“There is no other town I know of with you can compare
For spinning mills and lassies fair”
From William McGonagall’s ‘Bonnie Dundee’, 1878
Today’s blog post is a quick delve into the unique situation for women workers during Dundee’s domination of the jute industry and a chance to share some of the wonderful pictures from our collections of Dundonian spinners and weavers.
If you are interested in Dundee’s social history you will no doubt know that it was often referred to as a “women’s town” because of the central role that women played in the city’s jute industry. And it is often said that women and girls played a significant role in shaping our wonderful city – mainly with hard graft and sacrifice.
A defining feature of the Industrial Revolution had been the rise of factories, textile factories in particular.
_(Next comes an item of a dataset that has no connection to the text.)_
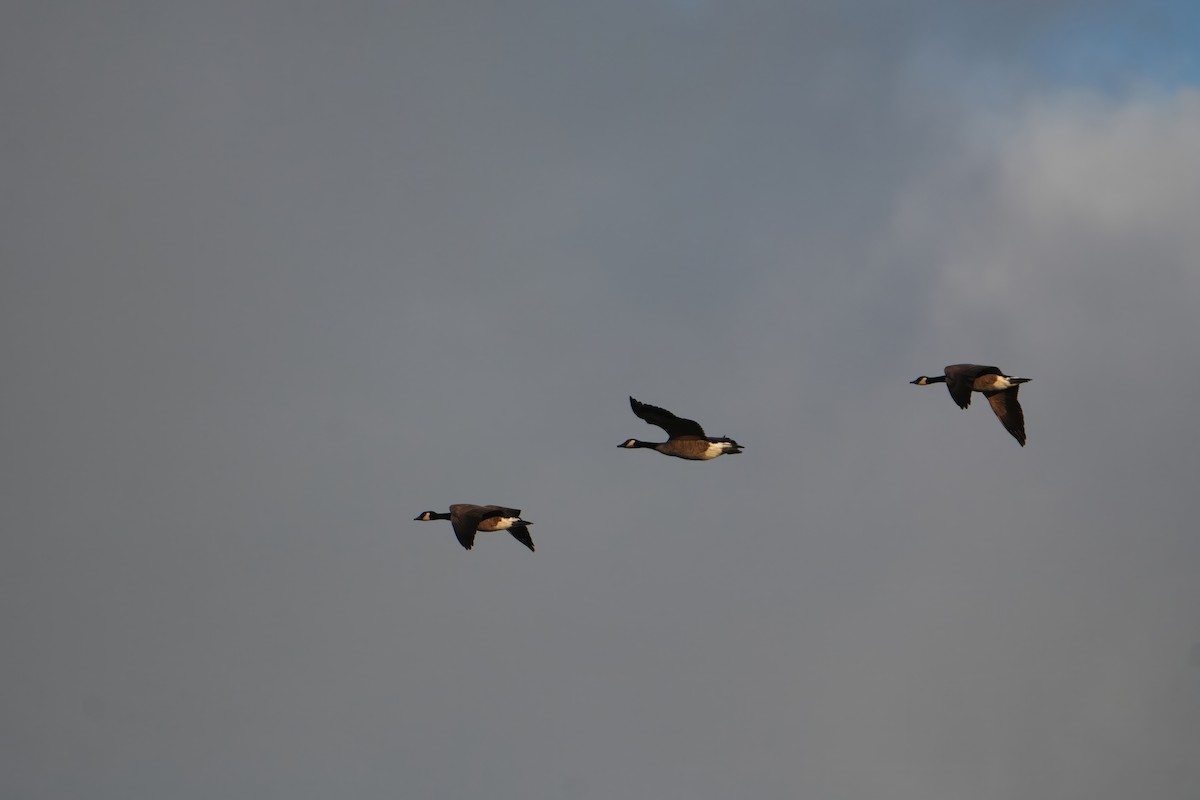 カナダガン - ML644480484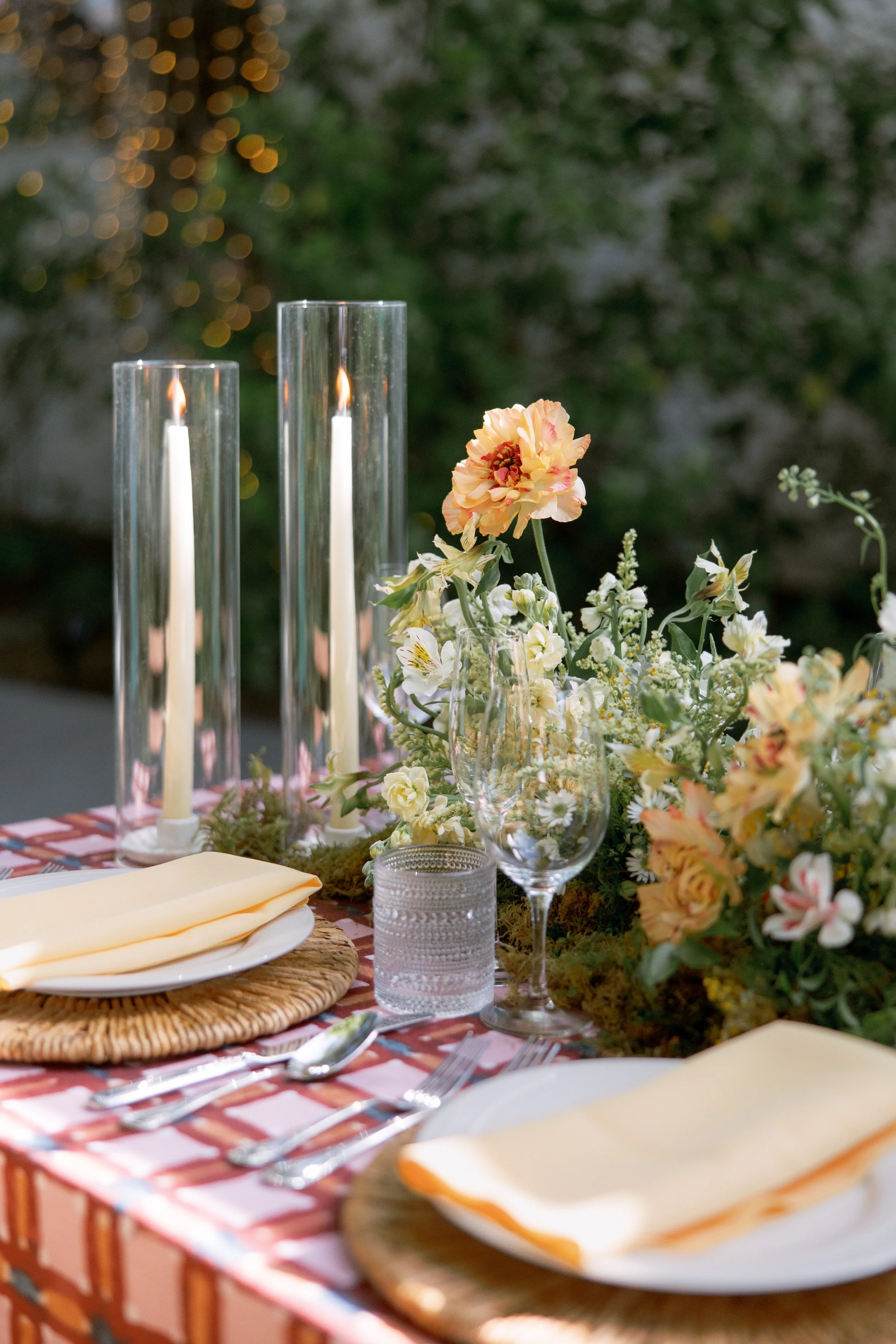 Anna Delores Photography_Islay Gardens 01.29.26-95.jpg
Work moved out of the home and into these factories, which used a central power source to run machines. Thus, the advent of new machinery changed the gender division of labour in textile production.
In fact, of the tens of thousands of people employed in the jute industry in Dundee during the 19th and 20th centuries, women represented up to 75% of the workforce. There was a heavy reliance on women to make the industry profitable.
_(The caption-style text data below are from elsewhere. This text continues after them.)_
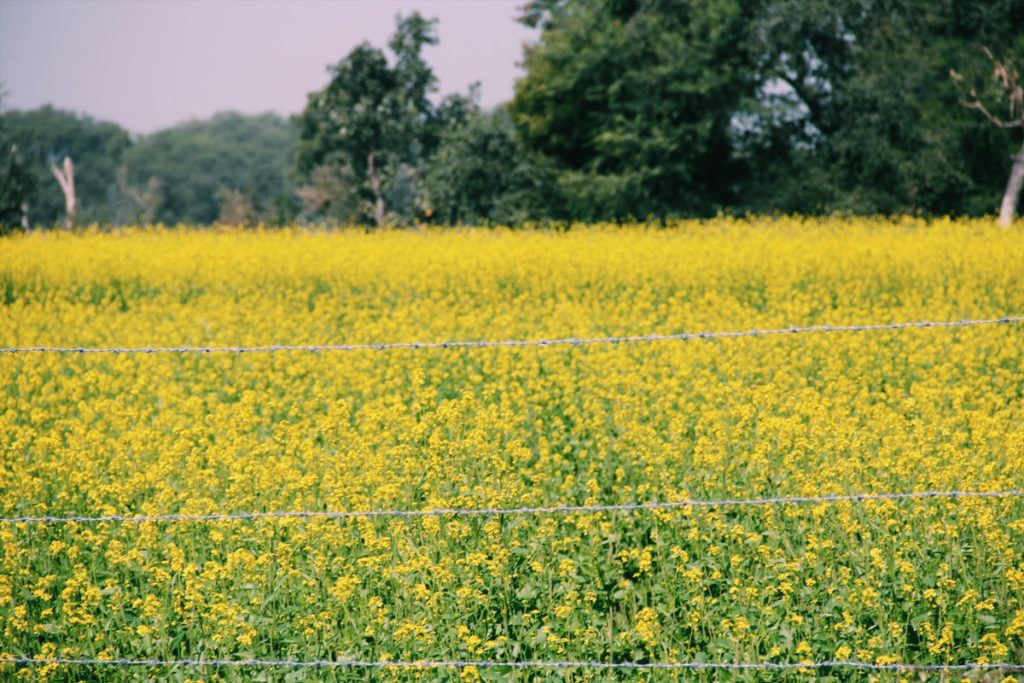 Mustard growing along the way from Udaipur to Chittorgarh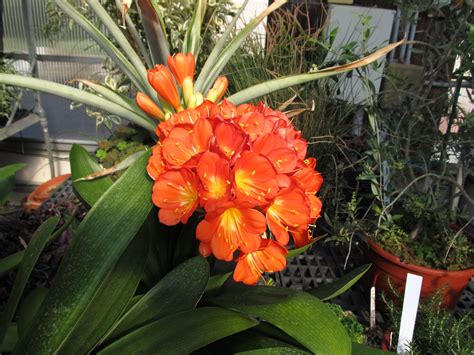 Flowers Photos » tropical plants with orange flowers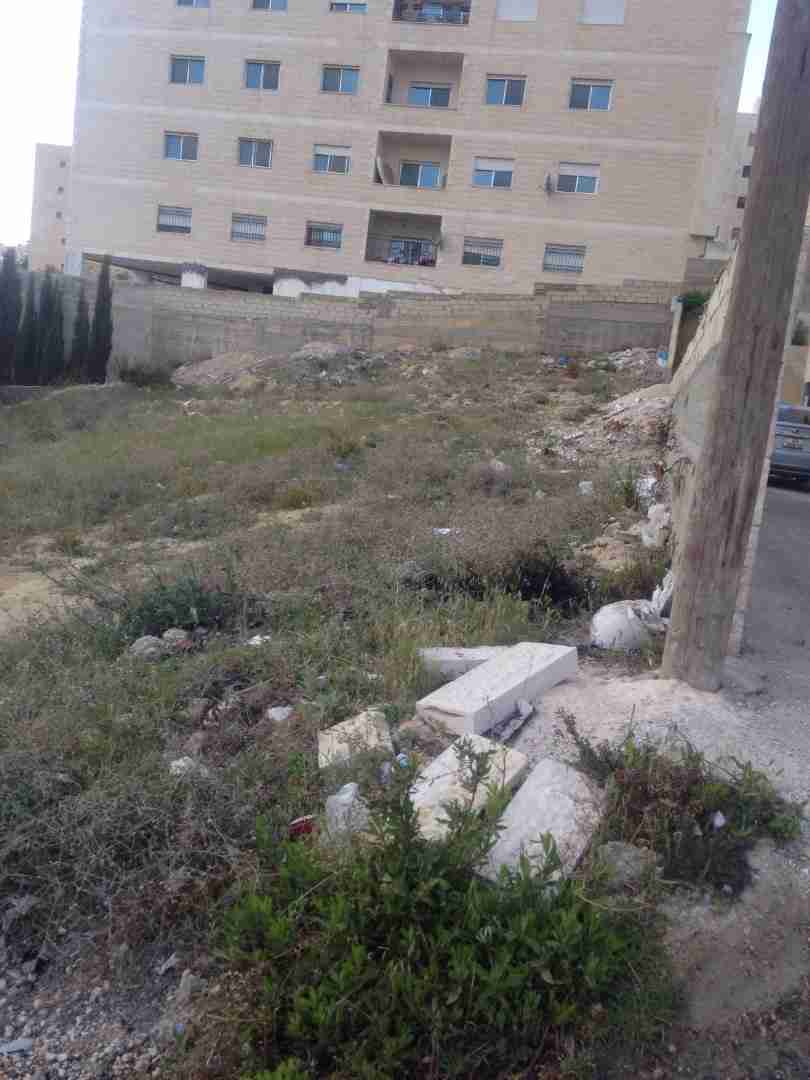 للبيع 840م جبيهه ام زويتينه على شارع الاردن من المالك مباشره
لا تنسَ أنك شاهدت هذا الإعلان في عنكبوت...
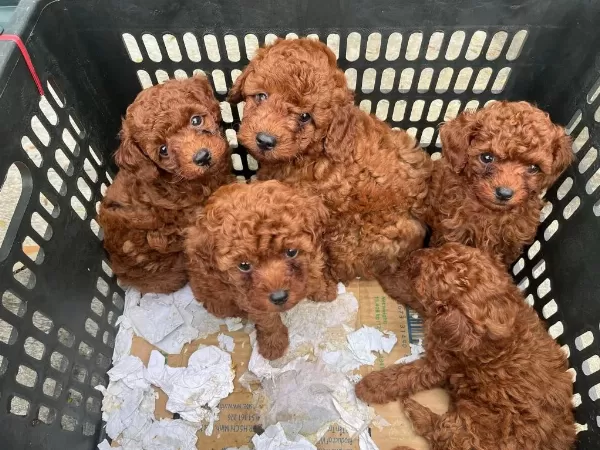 Toy Poodle Kore Yavrular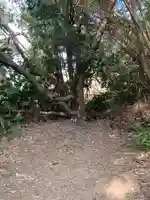 正一位稲荷大明神(千葉県)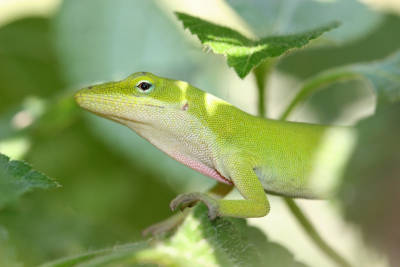 Green Anole Care Guide - Victor Martin's Awesome Website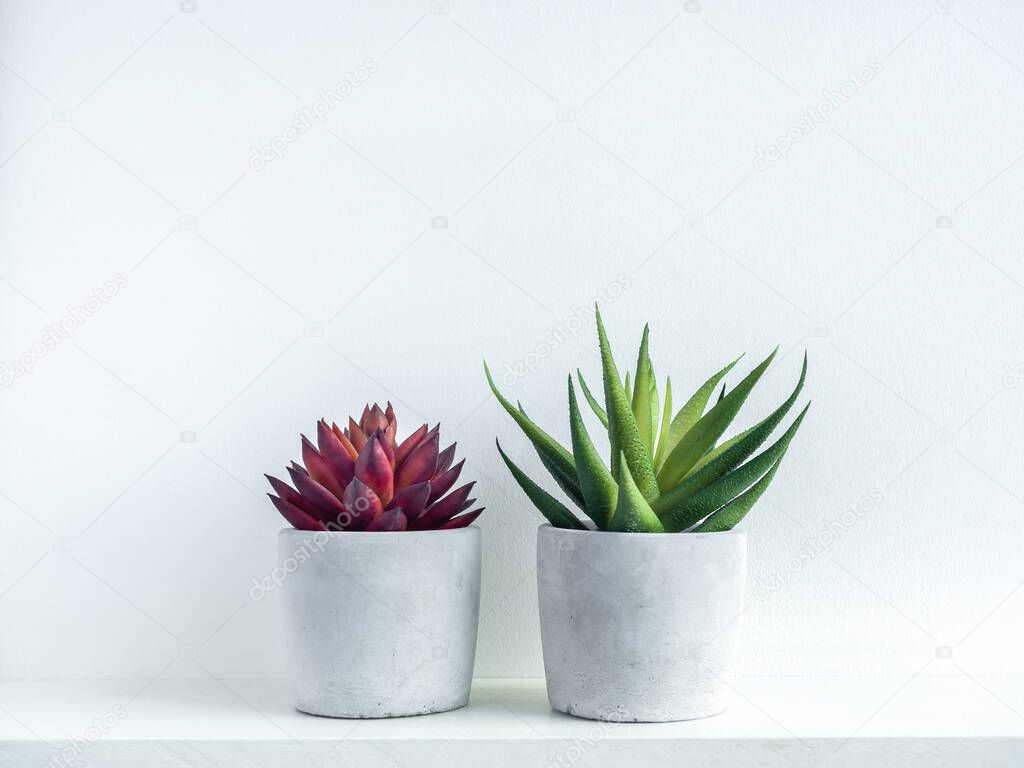 Red and green succulent plants in modern geometric cement planters on white wood shelf on white background. Concrete pots, round shape.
Norman Watson in ‘Dundee – a Short History’ states: “A higher proportion of women worked in Dundee than in other Scottish cites – and fifteen per cent more than in Scotland as a whole …Dundonian women and girls were engaged in work very different from their contemporaries.”
In the second half of the nineteenth century many Irish women emigrated to Dundee to find work in the city’s booming jute industry. Women represented just over half of all the emigrants who departed Ireland in this period.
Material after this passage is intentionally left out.